Winchester countered that membership in the caucus is simply the “first rung” up a ladder of leadership on climate change. “Our focus should be on supporting them to grab the next rung on that ladder. That support needs to come from their constituents, and that’s exactly what our volunteers are providing all across the country,” she said.

Calling for the caucus to disband “does a disservice to our democracy and is counterproductive to the ultimate goal of effective, lasting climate legislation,” Winchester added.

Deutch remains optimistic about the ability of the caucus to expand its influence in the coming years, even if the caucus fails to vote as a block on issues that impact the climate. “There are Republican members of Congress who go home to their districts and find constituents who cannot believe that President Trump announced that he is pulling us out of the Paris agreement, making our country the only country in the world refusing to participate in this historic and vitally important effort,” he said.

Looking back on 2017, the caucus was able to assert its influence on certain issues. When a Republican House member introduced an amendment to the National Defense Authorization Act that would have struck references to climate change, the Climate Solutions Caucus “came together and all but one member voted against that amendment,” Deutch said. President Trump ended up signing the nearly $700 billion annual defense policy bill last week, even though it contained the climate change language.

“That’s an example of the kind of things we can do to affect the outcome of legislation. But there’s a whole lot more we need to do,” Deutch said. “Over the coming year, as we head into an election season, my hope is that we’ll be able to start to identify pieces of legislation so that we can show a real bipartisan effort to affecting change.”

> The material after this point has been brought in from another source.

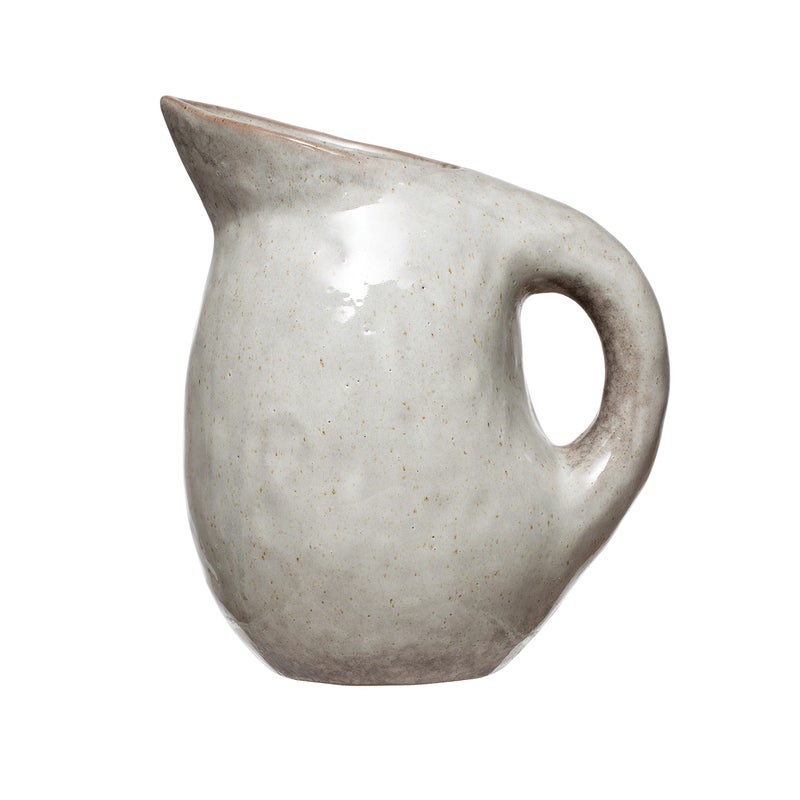 Bloomingville Bloomingville Neutral Reactive Glaze Stoneware Pitcher, 9.5", Bone  - Image 1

Ultimately, though, Deutch said the caucus wants to do more than “just sit around and talk.”

“Joining the Climate Solutions Caucus is important, but actually working on legislation, co-sponsoring legislation, and voting like the world depends upon on it is what’s really necessary,” he said. “We’re well past the time where anybody think it’s funny or acceptable for a senator to bring a snowball onto the Senate floor to try to debunk climate change.”

This article was updated at 4:30 p.m. ET on December 20, 2017, to include comments from a spokesperson for the Citizens’ Climate Lobby.